I was thinking about the credit union account yes - even to start off by throwing a small amount in weekly now - yes thanks.
No I don’t have a separate account at all - yes paid weekly. Things like car insurance, tax, refuse, even holidays [up to last year] - I used my credit card - obviously - 'used' it being the past operative word - I went a period without tenants and being down the 700 a month I used my credit card much more to pay everything - mortgage & bills on my own - throw in 900 for a clutch and those kind of rainy days - yes I should have stopped it. Then I stupidly- I don’t mean stupidly towards the person - but I helped a friend out in a very bad place - without thinking ahead to my own possible tight situation. Learning curve - dont be a fool - I know.
Thank you for your advice - really - I do appreciate it.


----------



## JP1974 (21 Sep 2009)

Thanks GrG - I did - lower the rent the last time in recessionary times etc -  but I checked the market/ area in the last few weeks and I see I can raise it back to the 350 again when I compare the rooms/ set up  - past tenants told me that they'd pay it again - they were happy with it so,,,,,, they dont have to pay phone, broadband etc I pay that, so....... I can but try


----------



## JP1974 (21 Sep 2009)

Thanks GrG - Ad renewed daily - yes daft is the best, 1 of 3 I am on - and I have my ad in every friends work location etc etc aswell so hopefully.


----------



## niceoneted (21 Sep 2009)

Good on you JP1974. You will be fine. I understand about helping the friend out as I did that and am still owed 6K - I have had some payed back. You could try to get your friend to pay back a little at a time even if it's 50 euro a week. I did that and while it is not the way I want to be paid back I will take what ever they can pay. 
Only way to know if you can get a transfer onto a 0% cc is by applying to the companys that offer them. You have a permanent job so you may get it.
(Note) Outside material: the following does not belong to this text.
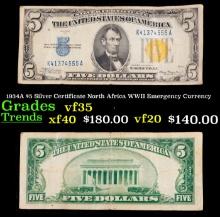 1934A $5 Silver Certificate North Africa WWII Emergency Currency Grades vf++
You might only be able to transfer say 5k but it will be a help. 
It is hard being stuck with the fixed rate but at least there is light at the end of the tunnel with that time ending in April 2010, not long away now and interest rates - even if they go up slightly - they will be lower than you are on now.


----------



## JP1974 (21 Sep 2009)

I know GrG  - if asked would I do it again I would hope I'd say no, but circumstances were bad and I couldn't just stand by.  Yes I say I would do it differently.  As soon as she can she will start paying me exactly that I said was fine even 100 a month.  I'd love to say you money can't buy you happiness/health but when your in the debt yourself each persons problems are their own and their biggest.  I guess if thats my biggest problem in life I'll be a lucky girl - esp reading some of the other stories - I feel bad asking advice - but everyones problems 'are' their own and I just have to fix that.  I'll research that 0% card and ask Mabs about it in the morning.  Just got a potential tenant enquiry - have you a shamrock on your cap?  thank you.


----------



## niceoneted (21 Sep 2009)

The tenants will come. Also it might be worth waiting a month or two for the right tenant - it can be worth more to have the right tenant for the right price than no tenant or the wrong tenant!!
Not to be too negative and I don't want to put you off but be aware that Mabs will put you down the pecking order of help as there may be a lot more people  at that office that are in more need than you - but you can take that as a positive knowing there are some worse off than you - although that's not a nice thought too.


----------



## JP1974 (21 Sep 2009)

Believe me Ted I know ! Overall i've being lucky - but then I guess I did interview 19 people ;-) - I'd prefer not to have them at all - but silly to be in a 4 bed hse on my own with that mortgage - thats life right now. I hear you re Mabs - and know what your saying  - and of course ppl that are worse off than me, I step aside for.  At least now I have an action plan from you both thank ye, as opposed to just despair this evening - cut the 3000 plus off the 11000, check out the interest free card, and/or try to get the bank again to add the balance of this card, after I knock off all I can plus the 3000,  onto the 273 loan/ into one. Thanks again.


----------



## JP1974 (21 Sep 2009)

found some options anyway - i'll ring for the catches ! thanks ;
*0% Interest -  Introductory Offers on Credit cards in Ireland *:
Updated September 20th 2009

*MBNA* have 0% on balance transfers for 10 months (Platinum Card)
*Tesco *offer 6 months interest free credit on balance transfers and 6 months on Tesco purchases only.
*PTSB* give 0% on balance transfers for 6 months.*
Ulster Bank *offer 0% for 3 months on purchases and 4.9% on balance transfers*.
*


----------



## mercman (22 Sep 2009)

JP Relax and give yourself some space. Overall you're not doing that bad compared to thousands of others. You will sort this out but it will take time and patience.


----------



## JP1974 (22 Sep 2009)

Thanks Mercman - I realise I am not in as much trouble as others - but right now this is my huge concern and If I dont get on top of it fix it - I am only going down the road of being in danger of loosing my home/ not getting on top of the debt. Thanks though.


----------



## minion (24 Sep 2009)

OP i think you are in a very good place. Dont stress.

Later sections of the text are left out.